> **Problem details**:
From the material below, return exactly the lines starting at the one that holds "Used 2019 Toyota" and ending at the one that holds "Double room Trento, 3 beds — photo 16". Pictures stay out of the answer.
══ Dataset records
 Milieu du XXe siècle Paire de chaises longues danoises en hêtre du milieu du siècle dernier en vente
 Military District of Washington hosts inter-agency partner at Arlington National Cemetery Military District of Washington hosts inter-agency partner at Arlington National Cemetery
════
══ Dataset records
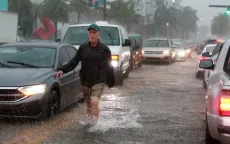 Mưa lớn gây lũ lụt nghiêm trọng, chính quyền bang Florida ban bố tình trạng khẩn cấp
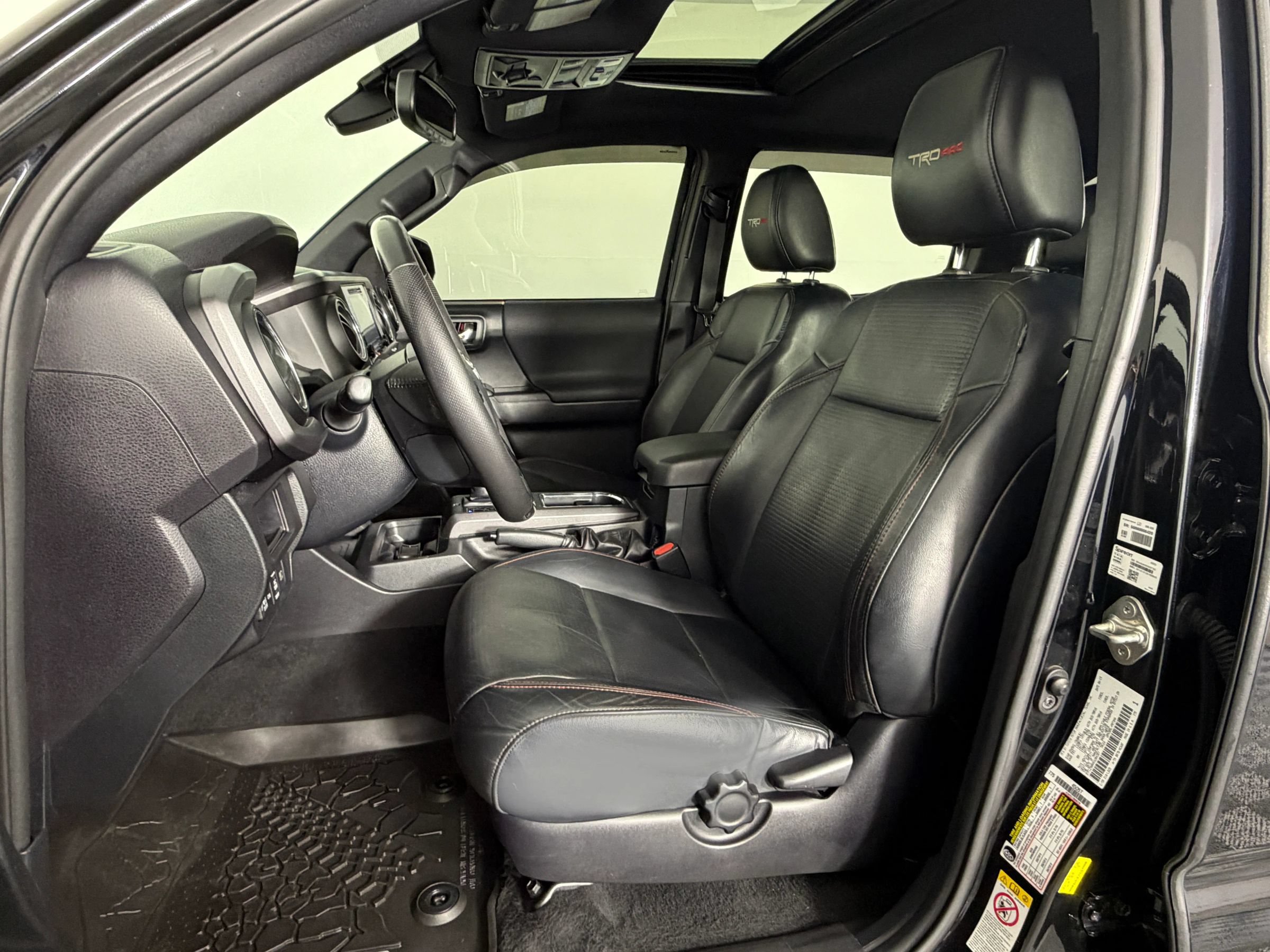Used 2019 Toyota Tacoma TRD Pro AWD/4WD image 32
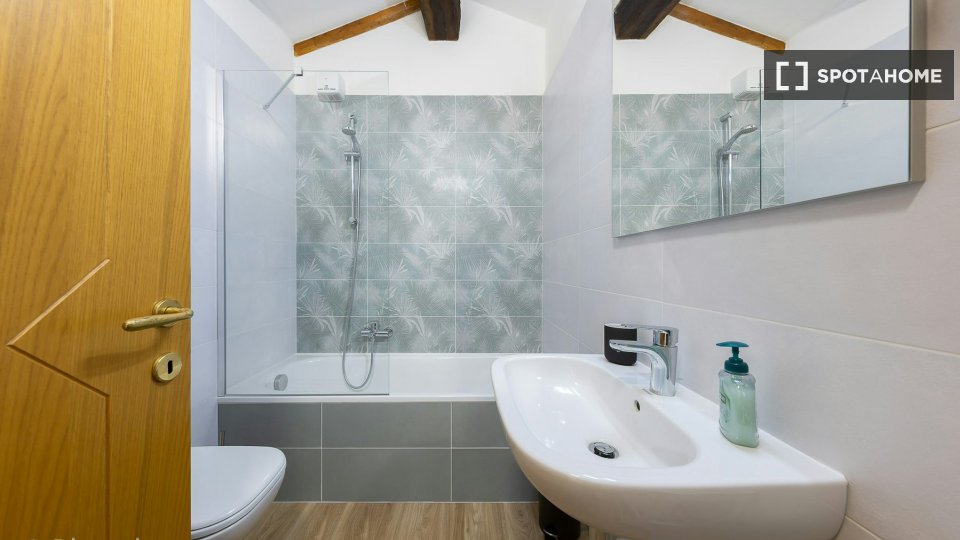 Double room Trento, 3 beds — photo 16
════
> **Result of this exercise**:
Used 2019 Toyota Tacoma TRD Pro AWD/4WD image 32
 Double room Trento, 3 beds — photo 16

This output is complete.